Sfaccettato, a tratti indefinibile e sfuggente, costantemente in apparente affanno ma comunque sicuro di sé e rivoluzionario. Il protagonista del nuovo film firmato Soderbergh è il pilastro che, da solo, sorregge l’intera impalcatura narrativa che, seppur nella sua linearità convince, faticherà – e non poco – a tenere incollato alla poltrona il telespettatore italiano che del basket americano può contare (mediamente) su qualche reminiscenza del mito di Michael Jordan e poco altro. Figuriamoci se ci si sposta su ambiti più commerciali e istituzionali del movimento. Per certi versi High Flying Bird può essere interpretato come una specie di moderna lotta tra Davide e Golia, dove il piccolo ma sagace procuratore coglie l’occasione del lockout per provare a “rubare il gioco” dalle mani dei grandi che ne detengono oramai il controllo totale. E, solo per un momento, anche grazie all’effetto dei social (tema ricorrente anche questo nel nuovo film di Soderbergh) si riesce ad intravedere quel progetto – tra l’ambizioso e il puerile – di riportare alla sua più pura e naturale forma il basket, non più un prodotto ma un’esperienza reale che “torna in strada”, riconsegnandosi come patrimonio di tutti. Giocatori compresi. Come Unsane, anche High Flying Bird è stato interamente girato con iPhone 8. Un po’ si nota (colori “esplosivi” e inquadrature imperfette) un po’ no per merito di una strategia di ripresa mirata nel saper sfruttare lo strumento – lo smartphone in questo caso – nel modo più coerente e intelligente possibile a quella che è la sua natura.
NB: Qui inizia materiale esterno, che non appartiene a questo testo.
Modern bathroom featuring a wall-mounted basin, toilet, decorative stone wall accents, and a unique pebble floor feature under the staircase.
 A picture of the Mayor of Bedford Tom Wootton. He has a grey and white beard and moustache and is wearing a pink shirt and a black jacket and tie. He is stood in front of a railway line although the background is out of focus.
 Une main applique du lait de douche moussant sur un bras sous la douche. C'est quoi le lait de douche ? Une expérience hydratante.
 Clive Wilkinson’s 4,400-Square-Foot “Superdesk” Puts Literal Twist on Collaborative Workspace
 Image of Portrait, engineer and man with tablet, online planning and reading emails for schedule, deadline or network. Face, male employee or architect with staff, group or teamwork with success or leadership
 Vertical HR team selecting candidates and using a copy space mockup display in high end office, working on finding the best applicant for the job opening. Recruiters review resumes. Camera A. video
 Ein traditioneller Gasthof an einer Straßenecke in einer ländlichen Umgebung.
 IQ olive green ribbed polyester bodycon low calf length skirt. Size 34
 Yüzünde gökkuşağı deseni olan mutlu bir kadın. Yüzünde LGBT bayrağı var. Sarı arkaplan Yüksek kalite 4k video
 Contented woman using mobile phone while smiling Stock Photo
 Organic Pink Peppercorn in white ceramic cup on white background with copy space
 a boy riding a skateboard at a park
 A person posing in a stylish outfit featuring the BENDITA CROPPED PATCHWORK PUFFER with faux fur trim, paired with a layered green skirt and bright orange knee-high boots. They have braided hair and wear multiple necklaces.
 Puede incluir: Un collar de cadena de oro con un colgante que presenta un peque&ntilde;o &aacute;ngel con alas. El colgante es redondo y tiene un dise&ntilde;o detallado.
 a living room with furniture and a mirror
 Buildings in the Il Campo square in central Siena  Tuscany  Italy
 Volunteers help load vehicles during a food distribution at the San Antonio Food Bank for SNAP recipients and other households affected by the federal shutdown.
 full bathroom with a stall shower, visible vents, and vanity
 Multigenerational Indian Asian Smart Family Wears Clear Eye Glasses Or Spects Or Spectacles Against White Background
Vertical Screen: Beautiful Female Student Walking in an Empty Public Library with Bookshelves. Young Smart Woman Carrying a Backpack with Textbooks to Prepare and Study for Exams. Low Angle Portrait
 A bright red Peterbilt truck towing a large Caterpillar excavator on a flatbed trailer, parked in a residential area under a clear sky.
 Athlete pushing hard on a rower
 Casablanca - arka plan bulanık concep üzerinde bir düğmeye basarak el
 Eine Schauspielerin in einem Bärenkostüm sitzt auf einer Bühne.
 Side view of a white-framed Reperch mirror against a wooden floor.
High Flying Bird funziona senza intoppi nel raccontare e contrapporre visioni di ammirazione e idealizzazione del basket – su tutti quella romantica e ingenua del mite Spencer – all’approccio più commerciale e imprenditoriale di chi, invece, con la pallacanestro vuole tornare il prima possibile a far girare una giostra da miliardi di dollari all’anno. La regia di Soderbergh zoppica, invece, nel tratteggiare la sfera più umana, relazionale e personale dei personaggi, che quasi mai vengono proiettati al di fuori della loro sfera sportiva (e di massimi sistemi), se non per qualche sporadico sconfinamento e una poco più che abbozzata liaison amorosa. La storia di High Flying Bird è (volutamente) depersonalizzata, distaccata, asettica, filtrata da un taglio quasi documentaristico (ci sono anche alcuni intermezzi con interviste a giocatori professionisti) che rallenta il ritmo di un montaggio già non particolarmente vivace e serrato, ma che doveva evidentemente essere così. Soderbergh sacrifica ritmo e intrattenimento sull’altare di una narrazione spiccatamente di denuncia.